Checkpoints Explored
Determining how they work best will eventually entail testing combinations of immunotherapies that, logically, should produce synergies, but testing to date has mostly involved supplementing existing standards of care with a single vaccine or, in other cases, a single checkpoint inhibitor.
Regulators have approved three such compounds to date: Yervoy (ipilimumab), Keytruda (pembrolizumab) and Opdivo (nivolumab). The first of those drugs makes it harder for tumors to call off immune attack via the cytotoxic T-lymphocyte-associated protein—(CTLA-4) pathway. The others reduce similar communication via the programmed death receptor-1 (PD-1) pathway.
At present, all three agents are approved exclusively for melanoma, but they may work against other tumors. Both of the anti-PD-1 medications are already in late-stage trials against certain lung cancers and early-stage trials against breast cancer.
A phase 1b trial of Keytruda in metastatic triple-negative breast cancer produced an overall response rate of 18.5 percent. The experimental compound MPDL3280 also produced responses in a similar patient group.
Such apparent effects may be explained, at least in part, by a finding from Mittendor's research group: 20 percent of all triple-negative breast tumors express the PD-1 ligand, PD-L1. PD-L1 expression levels are considered a potential biomarker for PD-1—targeted agents.

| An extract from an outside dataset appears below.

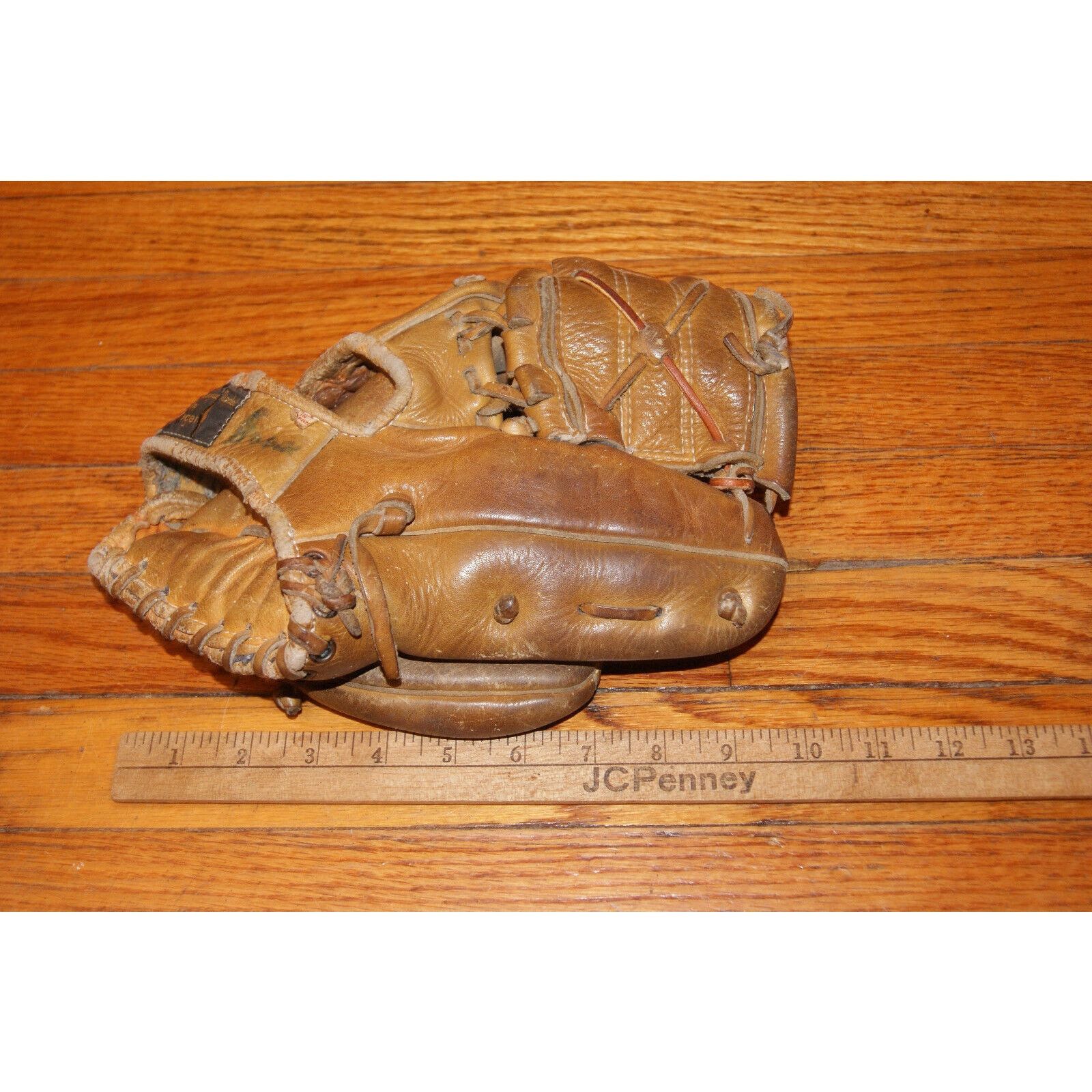 Other VTG Regent 1960s Leather Baseball Glove BG231 RT Hand Throw Size ONE SIZE - 10 Thumbnail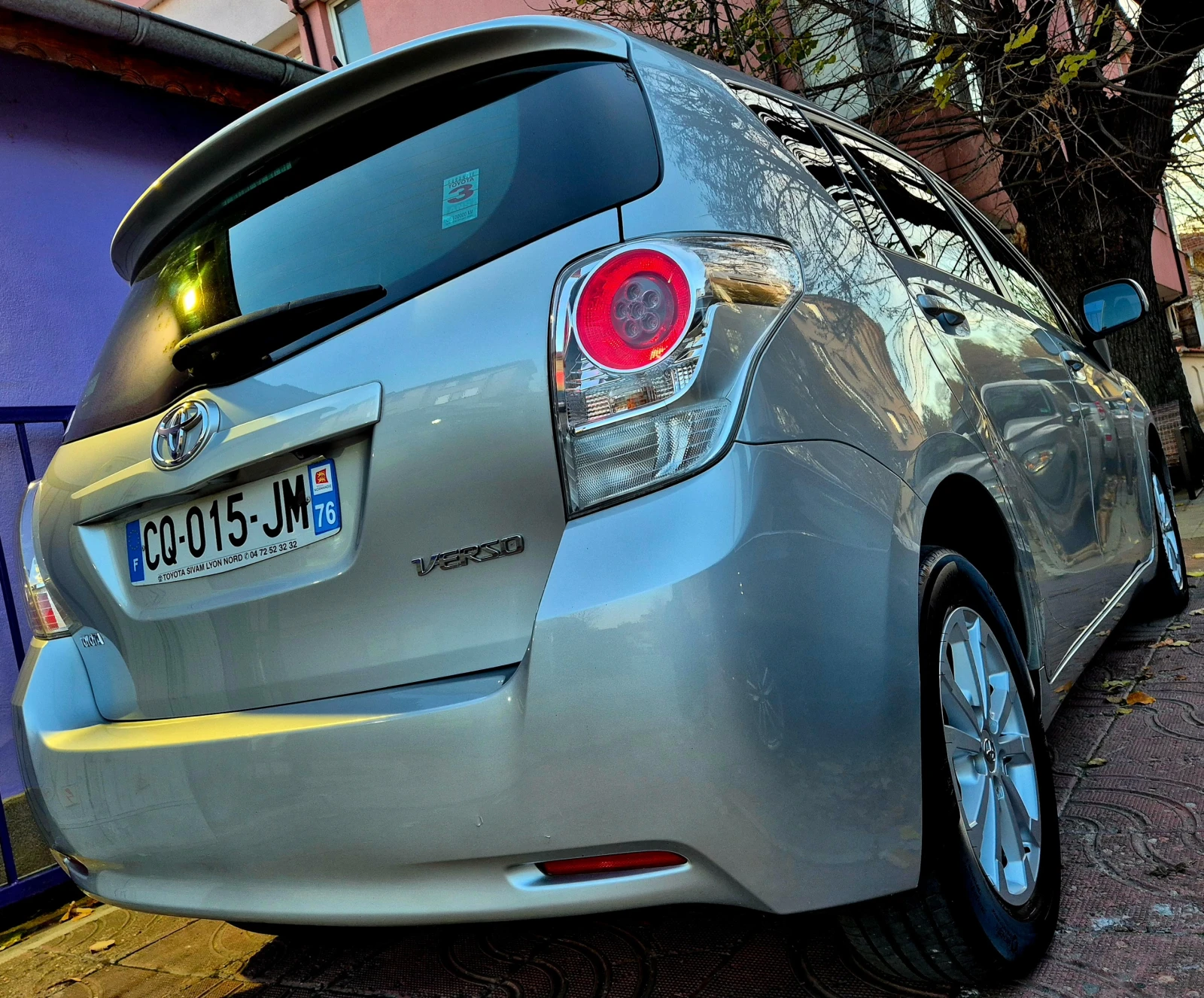 Toyota Verso 2.0d4d-EXECUTIVE-нави-6скорости-japan - изображение 3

Given that triple-negative tumors respond so little to all existing treatments, significant progress against even 20 percent of them would be cause for celebration, but separate research suggests there are ways to increase PD-L1 expression on tumors and ways to boost the number of T cells available to attack the tumor.
"There are a lot of promising ideas for improving response rates and increasing the strength of those responses, though there is also concern that the relative lack of T-cell activity inside the breast will effectively prevent a large percentage of patients from responding to checkpoint blockade," Mittendorf says.
"Still, even if the latter idea proves right and response rates never exceed 20 percent, immunotherapy would still constitute a breakthrough in treatment. Only 20 percent of breast cancers express HER2 and nobody would call the treatments that target such tumors anything less than a breakthrough," she says.